I feel weak and vulnerable this morning, then the words of this song come to me, “By Grace I am redeemed, by Grace I am restored”, and I am reminded of the endless supply of Gods grace towards me.

“My Grace is much misunderstood and often forgotten or underestimated, yet it is always there, always surrounding you and covering all your weakness and stumbling. it is so much more than just an attitude towards you and all My children. It is a powerful force to pick you up and change your life, change your perspective on your life and your current circumstances. My grace lifts you up into the heavenly realms to bring you really close to Me so that you can grow and move on from moments of weakness and stumbling. No matter what is happening and how you feel – My grace is always constant and complete in all its power and joy”.

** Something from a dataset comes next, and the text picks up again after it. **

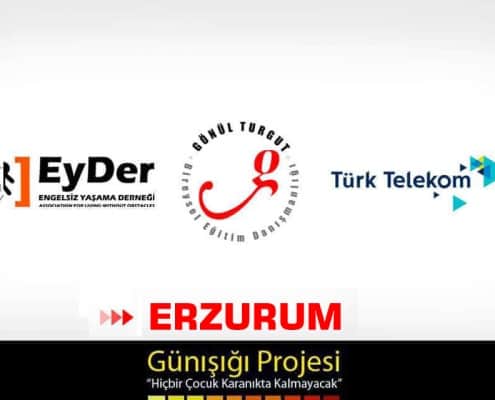 Günışığı Projesi, Erzurum - 2018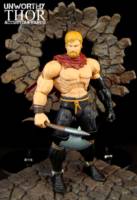 Unworthy Thor (Marvel Legends) Custom Action Figure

Now to 1 Samuel 11. In our last reading God’s choice of Saul as king is described. He is described as having an outstanding appearance but weakness, as he is hiding away during this choosing and as he returns home there are many who reject him as their new king. In chapter 11 where is he and what is he doing? He was in his fields behind his oxen, certainly not ruling the nation.

Remember that Israel at that time was more like a bunch of loose tribes living in proximity to each other. It was going to need a work of God to unite them as a nation under one king. So how does God set about this? We are introduced to Nahash the Ammorite king. His name actually means serpent or snake. and he has a diabolical plan to humiliate the people living in Jabesh.

God then specifically uses this action to mobilize Saul to start uniting the nation with a common goal. As we read on we can see how God is involved in this event. cf v 6, when Saul hears of this threat “the Spirit of God came on him and he burned with anger”. Saul then acts out a charade which results in a nationwide reaction cf v 7 b. “the terror of the Lord fell upon them and they turned out as one man”. (Just a note from the New Bible Commentary: they suggest that the figures given here and elsewhere in the Old Testament for the number of soldiers in their battles are probably not a true representation of the real numbers. The problem comes apparently from the translation of the Hebrew. What is translated as thousands can also be translated as military units. Thus 300 military units here instead of 300 000 soldiers. This seems more likely to me) It does not affect the story though.

What has ,in effect happened is that in one move God has provoked a sense of nationhood. It would take years for this to be fully realized, but this was a start. The narrative goes on with Saul accomplishing a huge victory. The writer, quite rightly tells us who should get the glory, vs 13, “this day the Lord has rescued Israel.

There is so much to learn from this chapter. Israel who had been rescued from slavery in Egypt were brought through the desert and after 40 years they invade and take over the Promised land. But all is not well, they don’t destroy all the inhabitants and slowly their nationhood disintegrates into a number of loose tribes. They have lost touch with God, each one doing as he saw fit. The Lord has not left them as lost though. Samuel is the key figure God is going to use. The people now demand that they be given a king, so that they can be even more like the tribes around them. God still has a plan for a king, but the people need to learn some things.

Now notice the cruel threat to the people from Nahash, yet from that comes a victory which unites the people to some extent, bringing them back to God and raising the profile of Saul as king. Now friends, this bears some deep thought. God does not initiate cruel situations, but He does often allow adversity and suffering in the process of accomplishing His bigger plan and His plan for each of us, hence Romans 8:28. So when everything appears wildly out of control in your life and in the world around you, remember scenes like this from Gods word.

Notice also that the action of this new king is to accomplish a rescue which God initiates and completes. Remember we have said that the line of Israel’s OT kings were leading up to the revelation of God’s ultimate King – Jesus. Here we see the main action of the new king reflecting Jesus’ main purpose when He comes. The action of rescue or salvation. So this is once again a faint reflection looking forward to the ultimate King who we all adore and serve.